Hybrid-PFC: coupling the phase-field crystal model and its amplitude-equation formulation

TL;DR

This paper introduces a hybrid multiscale framework combining the phase-field crystal (PFC) and amplitude-PFC (APFC) models to efficiently simulate crystal structures, dislocations, and grain boundaries across different scales.

Contribution

It presents a novel coupling method for PFC and APFC models using spectral discretization, enabling detailed resolution of interfaces while maintaining computational efficiency.

Findings

Successfully couples PFC and APFC models in 2D simulations

Overcomes APFC limitations in large-angle grain boundary modeling

Demonstrates improved multiscale crystal simulation capabilities

Abstract

The phase-field crystal (PFC) model describes crystal structures at diffusive timescales through a periodic, microscopic density field. It has been proposed to model elasticity in crystal growth and encodes most of the phenomenology related to the mechanical properties of crystals like dislocation nucleation and motion, grain boundaries, and elastic or interface-energy anisotropies. To overcome limitations to small systems, a coarse-grained formulation focusing on slowly varying complex amplitudes of the microscopic density field has been devised. This amplitude-PFC (APFC) model describes well elasticity and dislocations while approximating microscopic features and being limited in describing large-angle grain boundaries.
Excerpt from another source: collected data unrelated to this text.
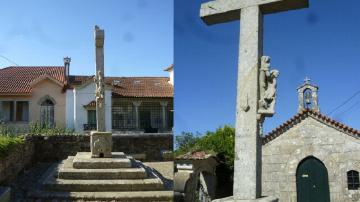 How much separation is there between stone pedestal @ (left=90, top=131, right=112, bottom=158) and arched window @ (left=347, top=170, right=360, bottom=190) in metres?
8.08

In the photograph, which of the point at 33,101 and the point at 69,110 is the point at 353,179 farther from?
the point at 33,101

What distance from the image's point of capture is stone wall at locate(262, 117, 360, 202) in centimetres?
1466

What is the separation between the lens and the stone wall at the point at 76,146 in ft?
51.1

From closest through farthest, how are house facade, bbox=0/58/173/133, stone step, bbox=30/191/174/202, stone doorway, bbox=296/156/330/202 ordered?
stone step, bbox=30/191/174/202
stone doorway, bbox=296/156/330/202
house facade, bbox=0/58/173/133

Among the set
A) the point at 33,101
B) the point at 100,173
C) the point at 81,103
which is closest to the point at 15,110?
the point at 33,101

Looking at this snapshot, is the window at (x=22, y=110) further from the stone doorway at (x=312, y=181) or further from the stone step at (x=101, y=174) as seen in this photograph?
the stone step at (x=101, y=174)

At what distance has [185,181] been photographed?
6.62 metres

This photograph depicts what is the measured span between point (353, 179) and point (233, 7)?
11191 mm

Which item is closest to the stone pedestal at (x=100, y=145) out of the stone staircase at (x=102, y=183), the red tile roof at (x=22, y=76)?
the stone staircase at (x=102, y=183)

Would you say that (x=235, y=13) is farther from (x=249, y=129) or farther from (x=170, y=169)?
(x=170, y=169)

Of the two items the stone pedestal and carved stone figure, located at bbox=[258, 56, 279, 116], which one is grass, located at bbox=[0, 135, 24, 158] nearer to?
the stone pedestal

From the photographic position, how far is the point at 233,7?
5.39 meters

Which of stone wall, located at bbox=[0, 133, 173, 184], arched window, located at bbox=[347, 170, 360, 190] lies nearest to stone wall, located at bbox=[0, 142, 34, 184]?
stone wall, located at bbox=[0, 133, 173, 184]

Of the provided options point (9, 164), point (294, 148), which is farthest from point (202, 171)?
point (9, 164) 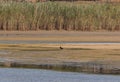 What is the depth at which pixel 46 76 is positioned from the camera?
16984 millimetres

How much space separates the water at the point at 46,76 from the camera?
53.5ft

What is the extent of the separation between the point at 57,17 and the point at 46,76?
16211mm

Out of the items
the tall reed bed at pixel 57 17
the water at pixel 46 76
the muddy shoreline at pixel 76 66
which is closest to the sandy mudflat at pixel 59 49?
the muddy shoreline at pixel 76 66

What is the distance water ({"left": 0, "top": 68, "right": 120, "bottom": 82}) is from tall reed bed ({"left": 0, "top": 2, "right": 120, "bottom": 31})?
1436cm

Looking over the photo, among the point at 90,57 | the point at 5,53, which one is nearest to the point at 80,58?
the point at 90,57

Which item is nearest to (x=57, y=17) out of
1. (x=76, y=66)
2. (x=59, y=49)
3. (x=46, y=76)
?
(x=59, y=49)

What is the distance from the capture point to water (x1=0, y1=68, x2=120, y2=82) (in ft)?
53.5

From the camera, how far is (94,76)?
17.0m

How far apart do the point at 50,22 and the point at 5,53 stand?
35.3ft

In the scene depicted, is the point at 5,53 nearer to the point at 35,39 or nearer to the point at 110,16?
the point at 35,39

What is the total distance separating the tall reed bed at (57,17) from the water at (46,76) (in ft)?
47.1

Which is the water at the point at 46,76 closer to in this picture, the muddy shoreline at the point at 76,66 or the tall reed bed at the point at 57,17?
the muddy shoreline at the point at 76,66

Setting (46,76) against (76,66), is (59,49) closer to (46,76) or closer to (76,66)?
(76,66)

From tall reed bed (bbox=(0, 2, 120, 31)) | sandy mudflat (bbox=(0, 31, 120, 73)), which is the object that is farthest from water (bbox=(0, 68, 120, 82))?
tall reed bed (bbox=(0, 2, 120, 31)) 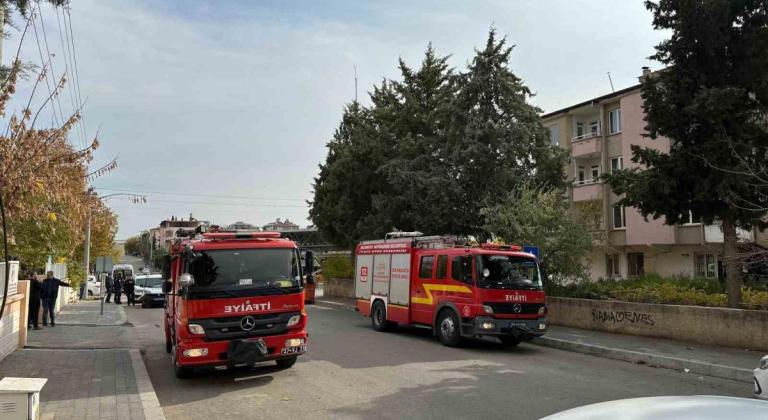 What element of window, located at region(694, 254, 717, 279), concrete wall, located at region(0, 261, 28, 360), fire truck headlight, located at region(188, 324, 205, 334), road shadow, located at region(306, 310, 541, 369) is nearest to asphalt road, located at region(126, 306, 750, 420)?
road shadow, located at region(306, 310, 541, 369)

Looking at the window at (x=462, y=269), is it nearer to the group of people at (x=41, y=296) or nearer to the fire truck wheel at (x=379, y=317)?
the fire truck wheel at (x=379, y=317)

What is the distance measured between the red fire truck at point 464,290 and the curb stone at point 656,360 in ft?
3.05

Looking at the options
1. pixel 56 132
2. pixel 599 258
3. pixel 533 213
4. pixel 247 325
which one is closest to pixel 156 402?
pixel 247 325

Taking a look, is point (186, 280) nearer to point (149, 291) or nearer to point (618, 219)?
point (149, 291)

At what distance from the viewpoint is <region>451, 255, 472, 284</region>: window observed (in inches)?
540

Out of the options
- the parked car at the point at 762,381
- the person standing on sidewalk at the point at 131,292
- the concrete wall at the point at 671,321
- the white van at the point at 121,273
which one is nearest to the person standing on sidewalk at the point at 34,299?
the concrete wall at the point at 671,321

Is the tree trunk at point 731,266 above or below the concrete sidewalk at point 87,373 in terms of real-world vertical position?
above

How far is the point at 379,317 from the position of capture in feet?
57.6

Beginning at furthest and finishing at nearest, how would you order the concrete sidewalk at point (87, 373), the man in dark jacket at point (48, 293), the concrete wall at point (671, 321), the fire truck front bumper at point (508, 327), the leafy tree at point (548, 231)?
the leafy tree at point (548, 231)
the man in dark jacket at point (48, 293)
the fire truck front bumper at point (508, 327)
the concrete wall at point (671, 321)
the concrete sidewalk at point (87, 373)

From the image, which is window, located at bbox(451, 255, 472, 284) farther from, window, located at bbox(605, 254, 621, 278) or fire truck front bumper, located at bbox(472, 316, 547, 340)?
window, located at bbox(605, 254, 621, 278)

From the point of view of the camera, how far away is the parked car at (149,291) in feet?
98.5

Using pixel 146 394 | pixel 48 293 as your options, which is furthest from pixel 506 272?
pixel 48 293

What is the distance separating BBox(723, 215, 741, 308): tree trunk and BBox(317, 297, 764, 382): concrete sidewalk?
1.68 metres

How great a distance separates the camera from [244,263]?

We present here seminal concepts for a hybrid multiscale PFC-APFC framework that combines the coarse-grained description of the APFC model in bulk-like crystallites while exploiting PFC resolution at dislocations, grain boundaries, and interfaces or surfaces. This is achieved by coupling the two models via an advanced discretization based on the Fourier spectral method and allowing for local solution updates. This discretization also generalizes the description of boundary conditions for PFC models. We showcase the framework capabilities through two-dimensional benchmark simulations. We also show that the proposed formulation allows for overcoming the limitations of the APFC model in describing large-angle grain boundaries.